Dishevelled and screaming like madwomen, waving their arms furiously, the two unhappy women appeared in the door of the farm-house, their voices prolonged like an interminable moan in the quiet atmosphere of the plain, pervaded with soft light.

"My son!... My soul!..." moaned poor Teresa and her daughter.

Nnnnn! nnnnn! howled the dog, stretching out his muzzle in a long groan, which set the nerves on edge and seemed to send a funereal shiver over all the plain.

"Good-bye, Pascualet!... Good-bye!" cried the little ones, swallowing their tears.
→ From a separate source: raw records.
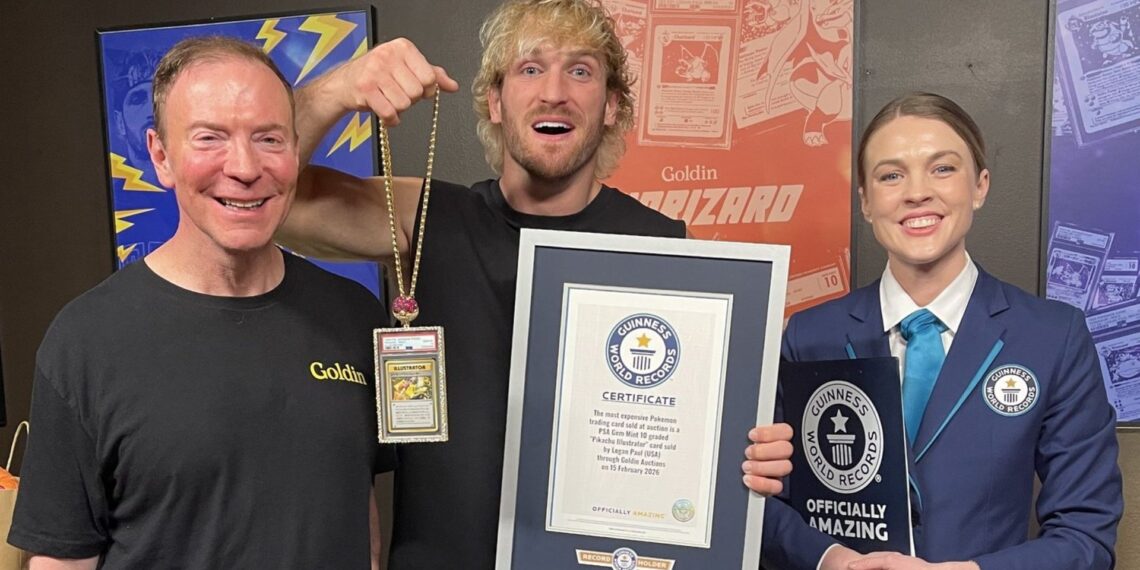Acusan a Logan Paul de estafa tras vender su carta Pokémon en más de 16 millones de dólares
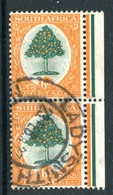 South Africa 1926-27 Definitives - Waterlow Print - 6d Orange Tree Pair Used (SG 32) - Unused Stamps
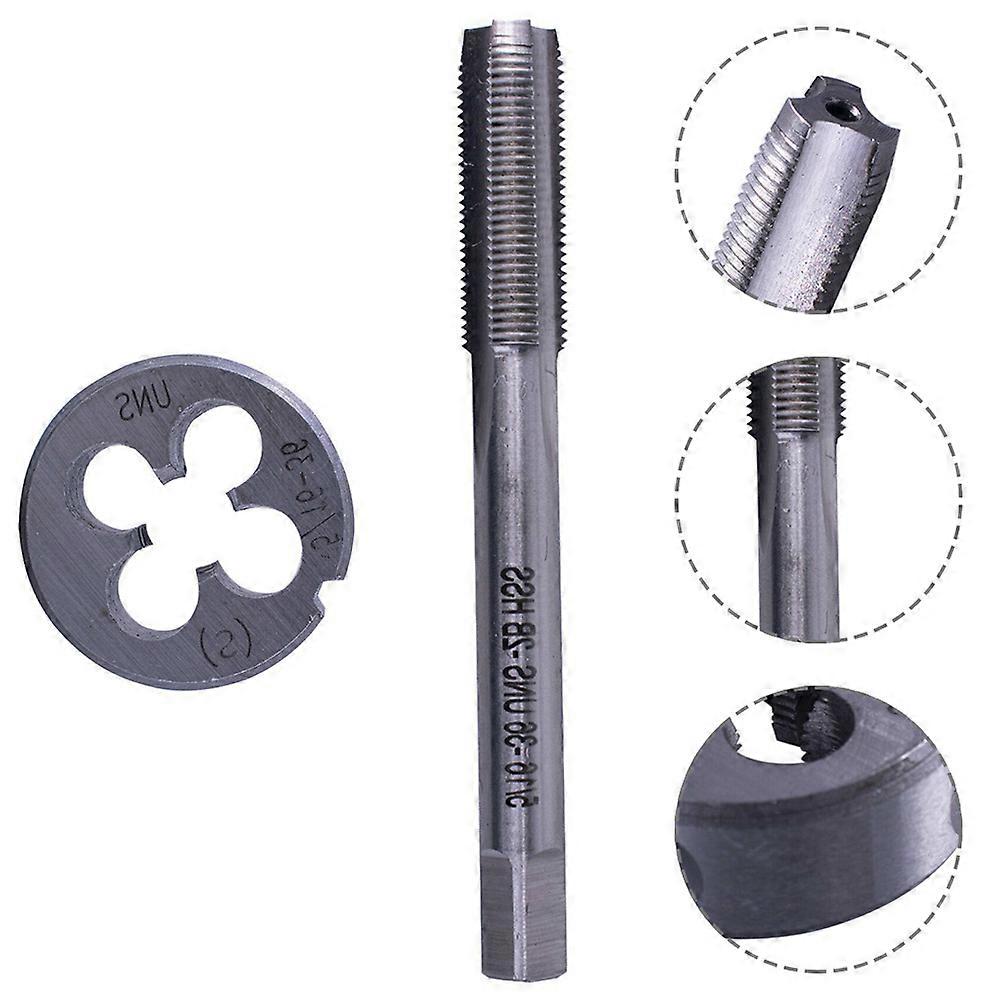 Right Hand HSS Valves & Die 5/16-36 UNS Tap & 5/16-36 UNS Die 25mm Threaded Thread Die Tap Hand Tools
And from afar, among the foliage, borne over the green waves of the fields, replied the echoes of the valley, accompanying the poor "Bishop" to eternity, as he swayed back and forth in his white barge trimmed with gold. The complicated scales of the cornet, with its diabolic capers, seemed like a happy outburst of laughter from Death, who with the child in her arms, departed amid the sunset resplendencies of the plain.

At evening-fall, the procession returned home.

The little ones, sleepy from the excitement of the preceding night, when Death had visited them, slept in their chairs. Teresa and her daughter, overcome by weeping, their energy exhausted after so many sleepless nights, were prostrated. They fell on the bed which still showed signs of the poor child's body, while Batistet snored in the stable near the sick horse.

The father, still silent and impassive, received visitors, shook hands, and gave thanks with movements of the head to the offers and consolatory expressions.

When the night shut in, all had gone.

The farm-house remained dark and silent. Through the murky open door there came, like a far-off whisper, the weary breathing of the tired family, all of whom had fallen exhausted as though slain in the battle of grief.

Batiste, still motionless, gazed stupefied at the stars which twinkled in the dark blue of night.

Solitude brought him to his senses; he began to realize his situation.

The plain had its usual aspect, but to him it appeared more beautiful, more tranquillizing, like a frowning face which unbends and smiles.

The people, whose shouts resounded in the distance in the doors of the farm-houses, no longer hated him and would no longer persecute his children. They had been beneath his roof and had blotted out with their footsteps the curse that lay on the lands of old Barret. He would begin a new life. But at what a price!

And suddenly facing the exact realization of his misfortune, thinking of poor Pascualet, who now lay crushed by a heavy weight of damp and fetid earth, his white vestment contaminated by the corruption of other bodies, ambushed by the filthy worm, the beautiful boy with the delicate skin over which his calloused hand had been wont to glide, the blond hair which he had so often caressed, he felt a leaden wave which rose from his stomach to his throat.

The crickets which sang on the nearby slope grew silent, frightened by the strange hiccough which broke the stillness, and sounded in the darkness for the greater part of the night like the stertorous breathing of a wounded beast.